ABOUT THIS EXERCISE ::
Every line of the data below is to be duplicated exactly, pictures excepted.

EXTRACTED INFORMATION ::
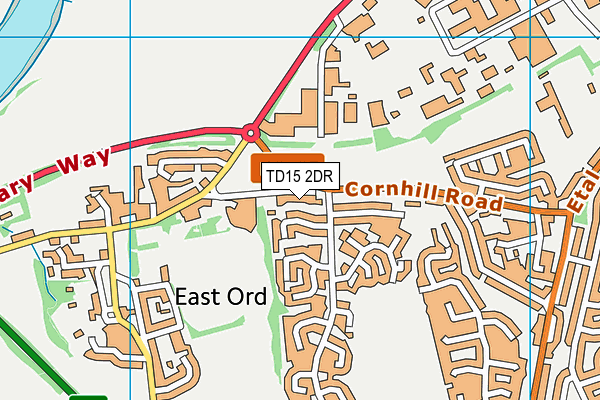 TD15 2DR map - OS VectorMap District (Ordnance Survey)
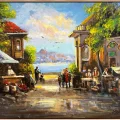 Old Marketplace Oil Painting
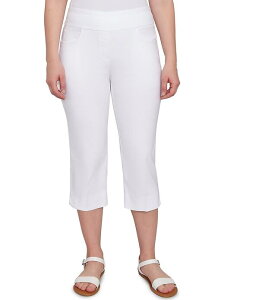 ���r�[�A�[���f�B�[ ���f�B�[�X �{�g���X �J�W���A���p���c �X�g���[�g �L���b�v Ruby Rd. Stretch Straight Leg Pull-On Capri Pants White �z���C�g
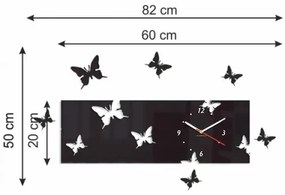 Nástenné akrylové hodiny Motýle2 - červená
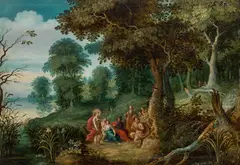 Jasper van der Lanen, Forest landscape with the judgement of Midas, c. 1624, oil on panel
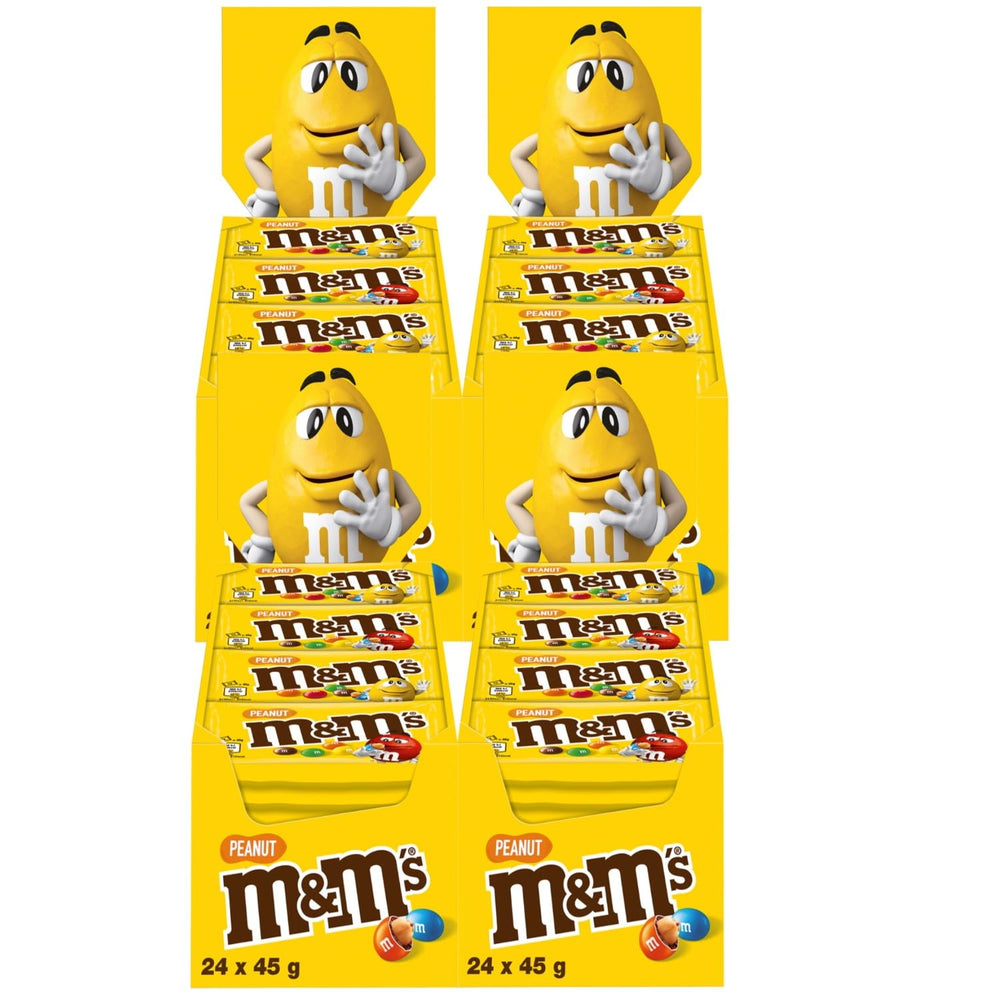 M&M's Peanut, pachet vrac de ciocolată, 24 x 45g, linte cu ciocolată și aromă de arahide, cadou de ciocolată (1080g), ideal ca delicatesă cu tematică de fotbal american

SOLVED PROBLEM ::
 TD15 2DR map - OS VectorMap District (Ordnance Survey)
 Old Marketplace Oil Painting
 ���r�[�A�[���f�B�[ ���f�B�[�X �{�g���X �J�W���A���p���c �X�g���[�g �L���b�v Ruby Rd. Stretch Straight Leg Pull-On Capri Pants White �z���C�g
 Nástenné akrylové hodiny Motýle2 - červená
 Jasper van der Lanen, Forest landscape with the judgement of Midas, c. 1624, oil on panel
 M&M's Peanut, pachet vrac de ciocolată, 24 x 45g, linte cu ciocolată și aromă de arahide, cadou de ciocolată (1080g), ideal ca delicatesă cu tematică de fotbal american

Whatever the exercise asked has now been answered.